Showing posts with label Appliqué and Layering. Show all posts
Showing posts with label Appliqué and Layering. Show all posts

Saturday, July 11, 2020

Little Quilt

Strip Weaving is an interesting way to create a surface for stitch.  This one came into being as a project to keep my hands busy in the evenings while we watched the British Mysteries.  Perhaps it should be called "The British Mystery Quilt"?


It is 7 1/2 by 8 1/2 inches, roughly.  Linen, mostly, with some cotton for a contrast in texture.  The stitches were limited to straight and cross stitch, with some couching and a section of tiny, tiny french knots.  The piece became such a part of my life that I was actually a little down when it was finished.  THere were evenings when some sections refused my stitches, while others yelled for attention.  The end result appears to be a map of a small, colorful town.  My granddaughter was the first to recognize the story here.  Kudos, Bethy!









Sunday, July 5, 2020

Summer in the Deep South, Oddments

In early June I wondered if this would be the year of extended spring that went straight to autumn.  No such luck.  We have experienced bursts of rain interspersed with temperatures in the high 80s and low-mid 90s.  Gardening time is just after daylight, then again just before dusk.

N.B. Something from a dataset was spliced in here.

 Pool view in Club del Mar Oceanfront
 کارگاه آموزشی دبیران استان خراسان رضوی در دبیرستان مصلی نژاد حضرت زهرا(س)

Which means the best place to be is in the studio!

One thing Quarantine time has given me is a space to reflect and put things together.  Finishing the Almost-Dones has been a pleasure, too.  I have amassed a collection of little pieces, palm-size or a little larger, and when I came across them, I began to add to the collection.  These are concerned with color and texture, some are about shapes.  None are really finished pieces, but they are ideas.  The best thing to do when you aren't full of inspiration and the muse is off visiting friends and partying, is to simply show up and do something.  Lack of Inspiration and uncooperative Muse can be my excuses for not getting work done.

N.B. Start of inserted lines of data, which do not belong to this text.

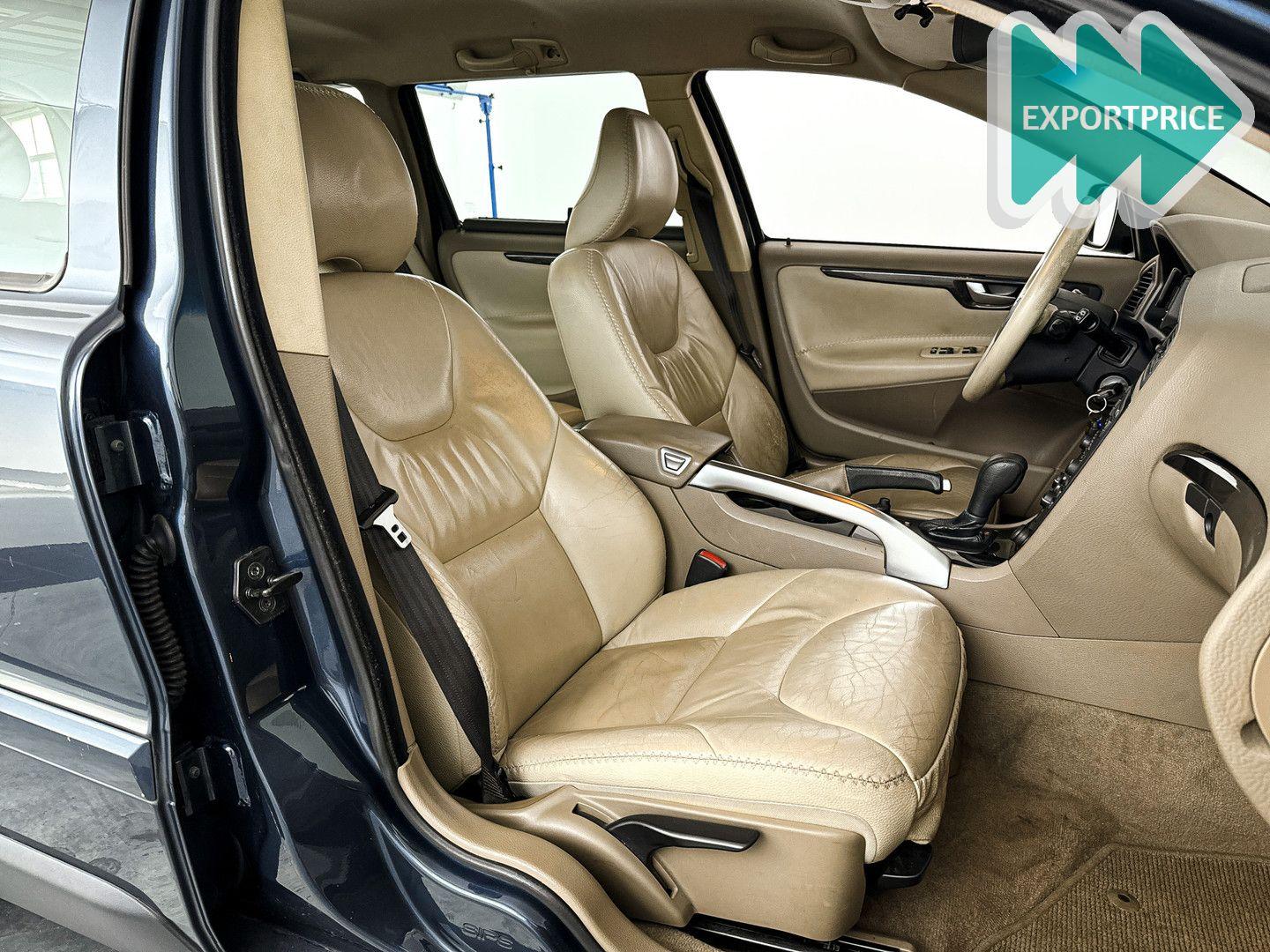 Volvo XC70 2006 — photo 19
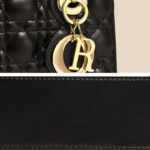 Kleine gesteppte minimalistische Damenhandtasche mit goldener Hardware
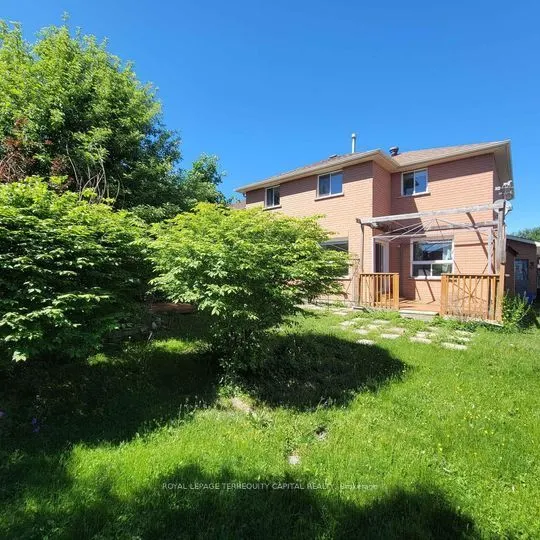 325 Cundles Road W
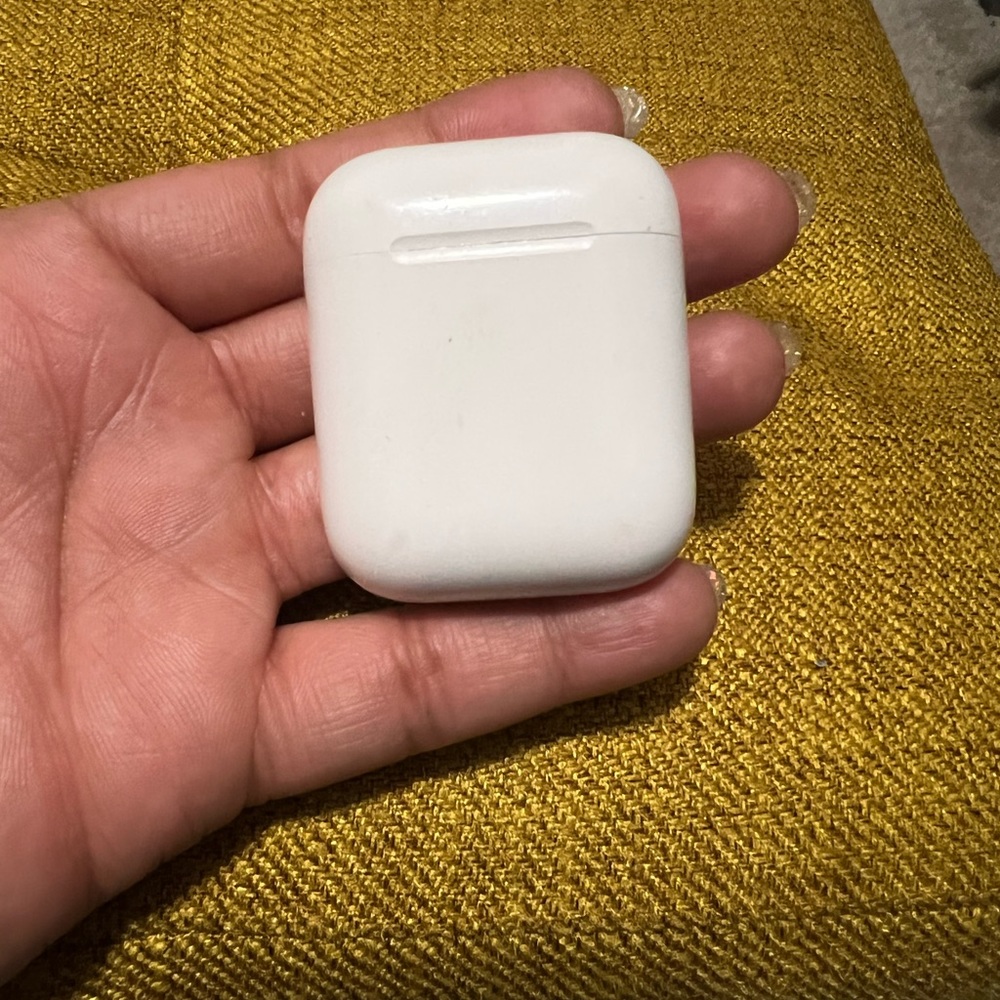 AirPod Generation 1 - Picture 5 of 6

With that thought, I began to arrange some of the pieces into vignettes.  Once done, I thought of filling in the white spaces between them with little oddments collected since I was a child and curious about all small things that could pop into a pocket and be pulled out later for closer examination.  I found an old frame with a front-closing door and began to assemble these bits and pieces in some order.  I call the collection "Oddments," and, with great originality, they are numbered 1 to 4.  I have not kept any of them in the frame, but I photographed the individual vignettes.  The idea of leaving them flexible and mobile is appealing, particularly in this time of turmoil and change.  Nothing seems to stay the same anymore.

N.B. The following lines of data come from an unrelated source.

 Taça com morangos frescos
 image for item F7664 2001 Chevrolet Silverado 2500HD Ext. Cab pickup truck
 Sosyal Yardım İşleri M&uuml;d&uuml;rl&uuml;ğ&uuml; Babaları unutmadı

I offer you a guided tour of my day of play.

No. 1:  Here the center green circle is a tag from a dress by Gudrun Sjoden of which I am particularly fond, so I did a little stitching on it.  The other stitcheries are on linen, paper, even one in the lower line (on a yellow wedge ground) is unspun silk on a piece of paper towel with paint splattered onto it.  The slice of house at lower right is what I secretly fantasize about painting my (presently) blue house one day.  Painting the dots was an inspired moment, as the linen was from a very old shift I'd worn threadbare before I would take it out of my closet.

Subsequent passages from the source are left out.